I have also been to non-Muslim occasion of feasting while I was fasting and this does not border me one bit.
The dress codes as well as the non-alcohol, non-gambling or non-eating pork are for Muslims alone. No one needs to pussyfoot for my faith.
However, there is a huge audience of ignorant Muslims who feel that the best way to protect Muslims from the temptation of alcohol, premarital sex, gambling and LGBT influences is to ban the sale of alcohol, ban cinemas, put LGBT in prison and deny permission to rear pigs.
These are cultural and political interpretations of narrow-minded Muslims who take orders and lessons only from their religious clerics without any effort of their own reading, thinking and inquiry.
On the other hand, Hannah Yeoh is also correct to dress conservatively because Malays are ‘cultural Muslims’, meaning they became Muslims from tradition and following orders without thinking and inquiry.
For me, these are dangerous to Islam. But for most Muslims, people like me who read, question and think critically are the biggest threat to Islam.
If Hannah had gone to the mosque in her ‘normal’ attire, there would be a huge hue and cry from Muslims who thought that they were defending the sanctity of Islam and especially, the mosque.
This is a cultural interpretation, but it is also the mainstream practice.
Whenever my wife and I visit her aunts and other relatives, my wife would make sure our daughters dress ‘appropriately’.
Once my daughters wore jeans and T-shirts like their two brothers and my wife forced them to change.
I did not mind my daughters’ choices but my wife is a conservative Malay-Muslim and does not read or think as much as I have.
I let her dictate her wishes because we were visiting her family, not mine. If it were my family, then I would have allowed my daughters to wear whatever they please.
When I attended a DAP workshop where a senior member was presenting the socioeconomic and political philosophy of the party, I found them to be quite sound.
But, I stood up and asked how they were going to explain these wonderful ideas to the Malay-Muslim populace within an Islamic framework of discussion.
Two Malay DAP members explained that party did not wish to pander to religious or racial constructs and that Malaysians would live in harmony once they solve their economic distress.
I said Malay-Muslims would still interpret everything from an Islamic perspective now that the Islamic reform movement has reached its maximum influence.
I suggested that DAP set up a special unit comprising of Islamic experts to frame the party’s socioeconomic and political strategy in a religious construct.
The two Malay DAP members were not impressed with my arguments and suggestions.
Years later, two explosive Islamic and Malay issues came up.
Even though I was not a DAP member then, I wrote to the party’s senior leaders on how to handle the two issues within a Malay and Islamic framework.
Luckily this time, the DAP leaders followed my advice and that avoided a racial and religious confrontation.
However, after those two incidents, I saw that DAP was engaging in many Islamic issues just shooting from the hip and this had increased the animosity of the Malays against the party.

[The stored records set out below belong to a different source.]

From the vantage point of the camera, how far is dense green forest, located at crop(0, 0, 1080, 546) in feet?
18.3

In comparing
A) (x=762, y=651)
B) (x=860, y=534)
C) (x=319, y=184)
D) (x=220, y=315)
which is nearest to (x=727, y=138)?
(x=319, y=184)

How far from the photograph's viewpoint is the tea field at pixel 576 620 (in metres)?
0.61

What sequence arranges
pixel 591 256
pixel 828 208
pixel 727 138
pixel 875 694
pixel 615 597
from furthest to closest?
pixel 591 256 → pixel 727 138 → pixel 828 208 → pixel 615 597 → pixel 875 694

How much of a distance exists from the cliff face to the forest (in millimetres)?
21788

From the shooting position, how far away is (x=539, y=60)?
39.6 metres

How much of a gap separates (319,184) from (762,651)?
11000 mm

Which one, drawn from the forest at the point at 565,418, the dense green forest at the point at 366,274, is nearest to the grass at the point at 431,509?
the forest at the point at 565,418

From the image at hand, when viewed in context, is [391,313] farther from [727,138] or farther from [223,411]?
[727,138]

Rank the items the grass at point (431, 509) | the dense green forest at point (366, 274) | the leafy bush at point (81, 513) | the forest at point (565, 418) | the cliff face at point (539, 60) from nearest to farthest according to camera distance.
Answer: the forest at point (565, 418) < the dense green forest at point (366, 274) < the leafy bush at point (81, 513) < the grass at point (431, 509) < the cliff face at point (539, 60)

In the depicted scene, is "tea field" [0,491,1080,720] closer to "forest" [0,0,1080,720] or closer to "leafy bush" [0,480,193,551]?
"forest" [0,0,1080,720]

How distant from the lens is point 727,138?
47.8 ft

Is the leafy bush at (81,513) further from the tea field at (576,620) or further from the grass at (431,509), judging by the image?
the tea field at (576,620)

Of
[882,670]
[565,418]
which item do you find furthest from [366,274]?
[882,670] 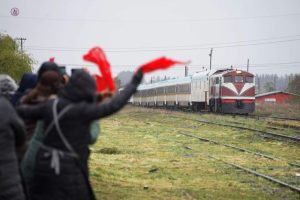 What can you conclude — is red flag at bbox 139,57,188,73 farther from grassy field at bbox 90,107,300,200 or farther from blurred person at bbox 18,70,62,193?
grassy field at bbox 90,107,300,200

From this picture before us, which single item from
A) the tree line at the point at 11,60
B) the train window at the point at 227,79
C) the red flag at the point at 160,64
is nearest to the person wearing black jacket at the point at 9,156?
the red flag at the point at 160,64

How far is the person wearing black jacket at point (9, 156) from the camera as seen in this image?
16.0ft

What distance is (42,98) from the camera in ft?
17.6

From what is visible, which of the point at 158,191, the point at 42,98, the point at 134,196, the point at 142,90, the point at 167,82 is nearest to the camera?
the point at 42,98

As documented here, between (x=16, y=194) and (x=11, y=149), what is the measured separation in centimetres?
39

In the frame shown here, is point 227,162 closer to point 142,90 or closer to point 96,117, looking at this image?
point 96,117

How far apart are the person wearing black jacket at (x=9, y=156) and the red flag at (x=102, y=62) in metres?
0.97

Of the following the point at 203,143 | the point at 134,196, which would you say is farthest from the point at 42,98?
the point at 203,143

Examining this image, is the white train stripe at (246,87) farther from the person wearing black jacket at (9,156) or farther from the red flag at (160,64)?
the person wearing black jacket at (9,156)

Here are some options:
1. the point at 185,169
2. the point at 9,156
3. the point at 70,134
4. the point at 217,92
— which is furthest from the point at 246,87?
the point at 9,156

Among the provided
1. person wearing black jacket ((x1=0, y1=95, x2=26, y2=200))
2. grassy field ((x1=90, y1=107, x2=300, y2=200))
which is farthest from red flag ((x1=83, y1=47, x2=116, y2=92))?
grassy field ((x1=90, y1=107, x2=300, y2=200))

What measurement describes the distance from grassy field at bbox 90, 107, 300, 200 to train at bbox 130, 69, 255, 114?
14.7 metres

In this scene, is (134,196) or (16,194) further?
(134,196)

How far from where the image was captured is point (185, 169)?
1338 cm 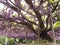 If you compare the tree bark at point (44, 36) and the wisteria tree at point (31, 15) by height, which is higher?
the wisteria tree at point (31, 15)

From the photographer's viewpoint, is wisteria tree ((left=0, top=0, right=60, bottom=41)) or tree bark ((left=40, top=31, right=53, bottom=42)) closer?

Why couldn’t DAP call on its Malay-Muslim members like Dr. Aziz Bari or Zairil Khir Johari to answer Muslim issues? Are the Chinese DAP leaders trying to look like heroes to the Chinese community or are they just plain ‘stupid’?
The problem of Malaysia is not only on irresponsible and corrupt Malay-Muslim leaders but also leaders of other races and faiths who do not seem to understand the simple art of communication within a culture’s adab or norm of engagement.
Ini macam susahlah bagi Malaysia dulu, kini dan selamanya!
(Professor Dr. Mohd Tajuddin Mohd Rasdi is Professor at a local university.)